When the three travelers stopped in North Dakota, and in Pocatello, Idaho, Mary occupied a motel room separate from the guys. She even managed to convince Bob, a Lutheran, and Harvey, a Jew, to attended a Catholic church on Sunday. Despite the guise of wholesomeness, however, Bob and Mary were already an item. That summer in Seattle would turn romance into a proposal of marriage.


In the winter of 1954, it was a car ride that started to turn friendship into romance. A hair-raising road trip from Lafayette, Indiana to Aurora, New York, through ice and driving snow. Bob was on his way to Wells College on Lake Cayuga to see Marilynn, the girl he’d been dating back in Cleveland.

“I met Howie Albrecht at Acacia, a fraternity I was checking out during freshman year,” said Bob. “When I told him my plan to visit New York during winter break, he wanted to tag along. I was happy for the company. And the gas money.”

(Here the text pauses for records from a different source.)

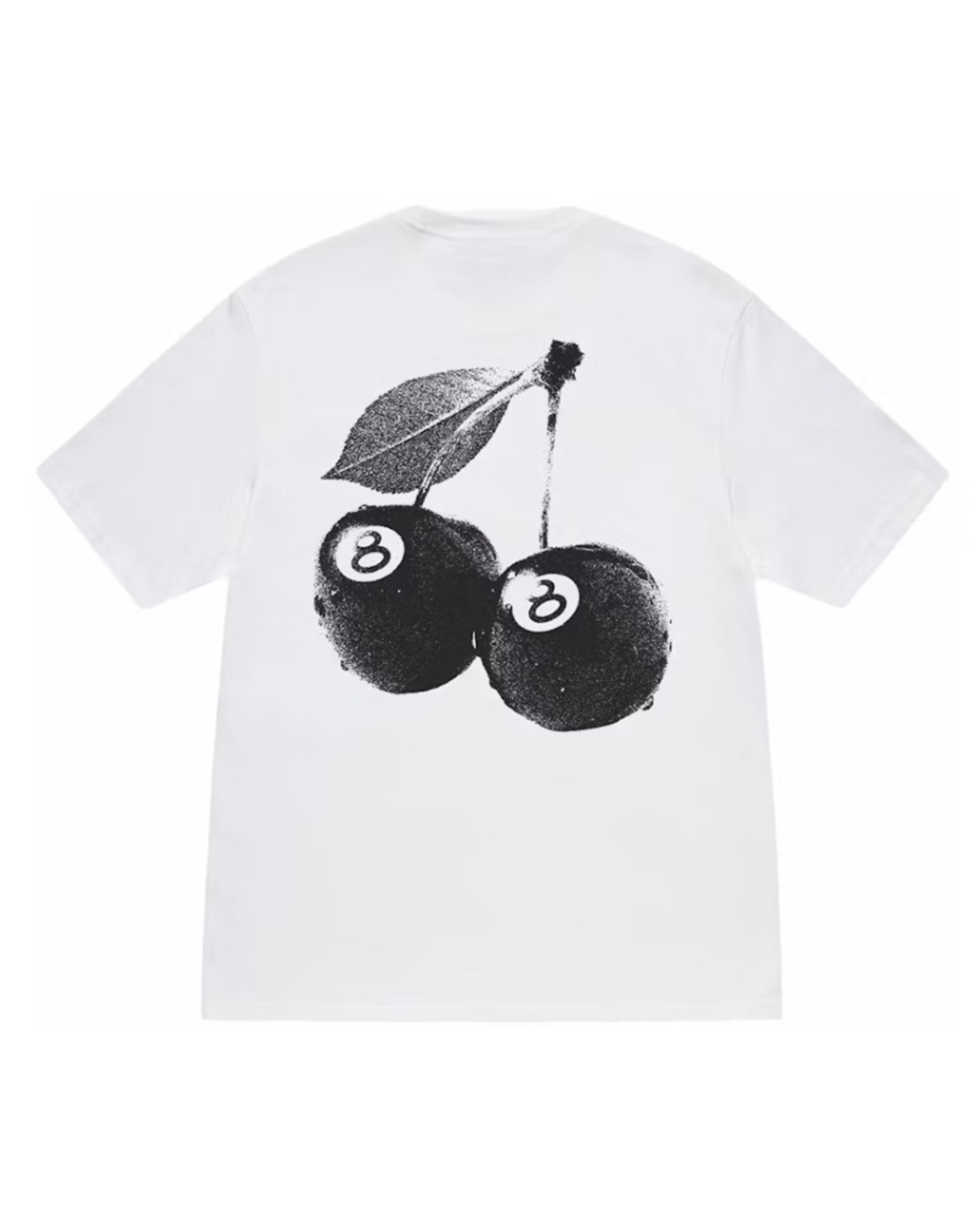 Stüssy Cherries Tee - VAULTIC
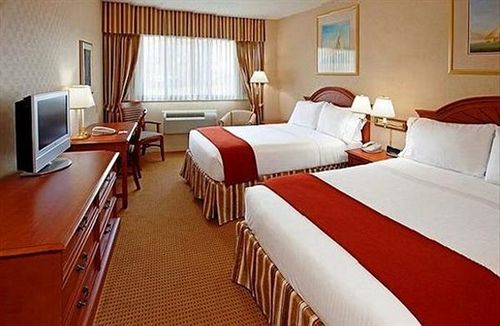 Hotel Five Towns Motor Inn  | Lawrence | Nueva York | United States 3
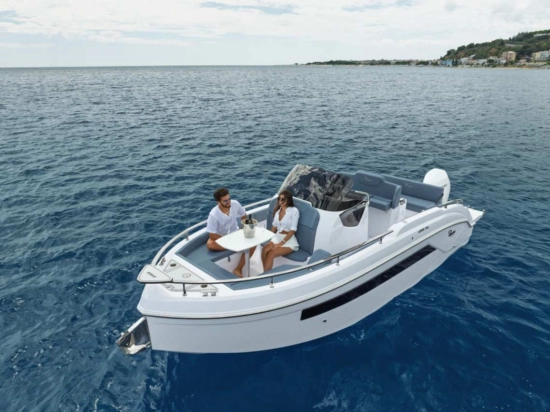 Ranieri 255 SL nuevo en venta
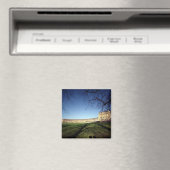 The Royal Crescent, 1767-75 Magneet (Insitu (Vaatwasser))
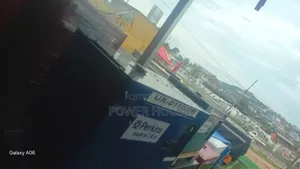 Your Reliable Energy Partner – Heavy-Duty Perkins 20kva Generator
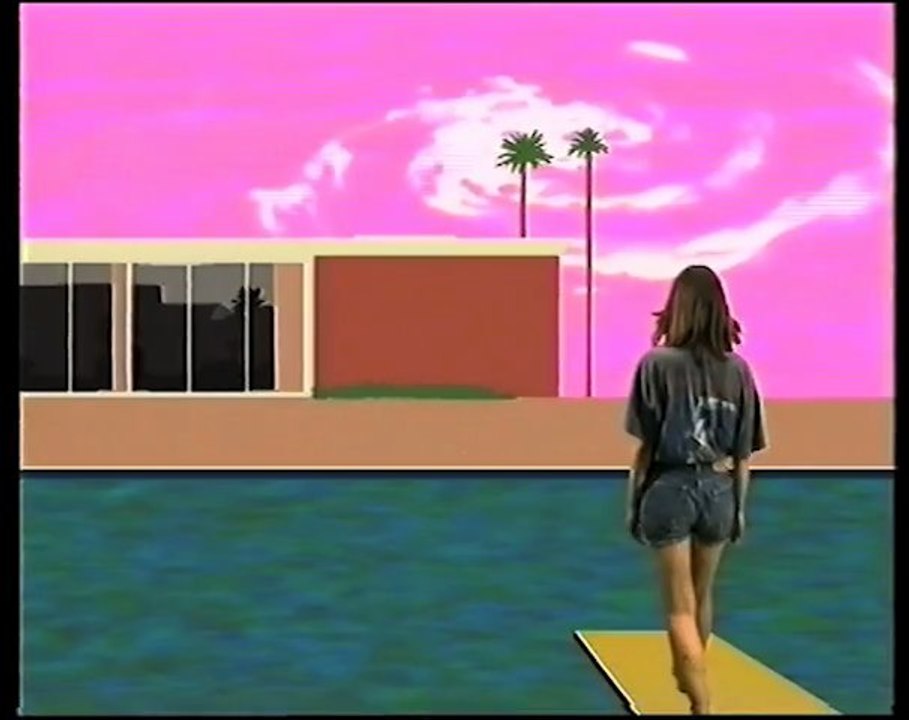 Splash Wave - Passing Breeze feat. Anna Jean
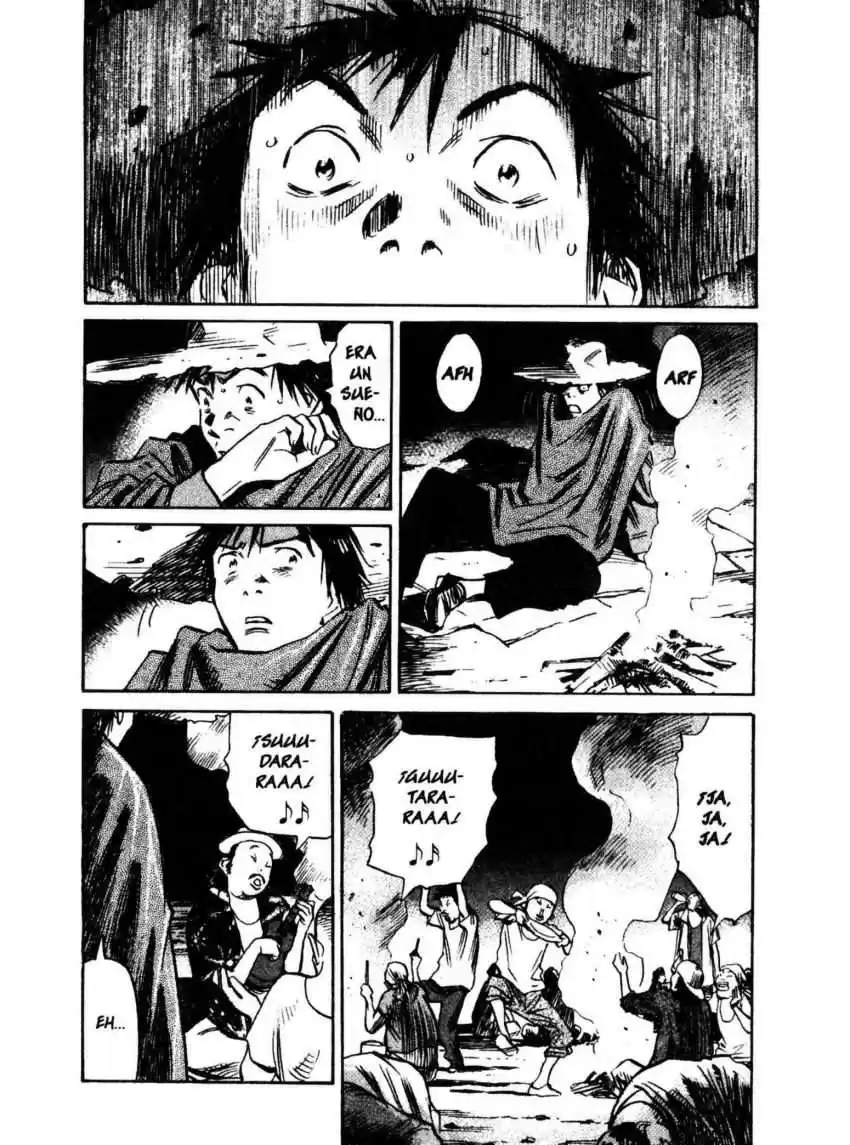 20th Century Boys Capitulo 229 página 2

Bob mentioned the trip to Mary when he saw her in class. She and her roommate Dottie D’Amico agreed to share the back seat of Bob’s ’51 Mercury. The plan included dropping the girls off at Dottie’s house in Rochester. Mary expected to meet up there with her boyfriend Walter.

Winter on the Great Lakes can be bitter, and as the four Purdue sophomores headed Northeast, skirting the southern shore of Lake Erie, a blizzard engulfed them. With their limited college-break window, they gave no thought to stopping or turning back. As visibility diminished, all eyes fixed on the road, and Bob’s hands gripped the wheel.

A wreck on the highway brought the peril of the storm into sharp focus. Fellow travelers had rolled off the road into a ditch. The car lay on its roof, headlights illuminating the swirling snow overhead. Concerned there might be injuries, or worse, Bob and Howie got out to investigate. Perhaps there was something they could do for the vehicle’s unlucky passengers. In a fated twist, Howie turned from rescuer to victim when he tangled with a snow-camouflaged barbed wire fence. Poor Howie emerged torn and bloodied.

Bob and Howie did get a peek inside the vehicle, but discovered the occupants had already been rescued or escaped uninjured. However, now Howie was in need of first aid and comfort. He climbed into the back seat where Dottie did what she could to patch him up.

And that’s how Mary came to share the front bench seat with Bob. With still miles to go, the last thing Mary wanted was for Bob to fall asleep.

“I started talking, and kept talking,” recalls Mary. “I told him my whole life story on that trip. I figured it was my job to keep him awake. He learned pretty much all there was to know about me. He knew me totally after that drive!”

Uncharacteristically, “I didn’t say much,” said Bob, remembering the eleven-hour white-knuckle trip. “My full attention was glued to the road. Especially after encountering that accident.”


Bob and Mary met during their freshman year at a Purdue football game. A chance meeting that can’t be considered remarkable, since cheering the Boilermakers was practically a required Saturday activity. But fate and football did play a role in bringing the two together.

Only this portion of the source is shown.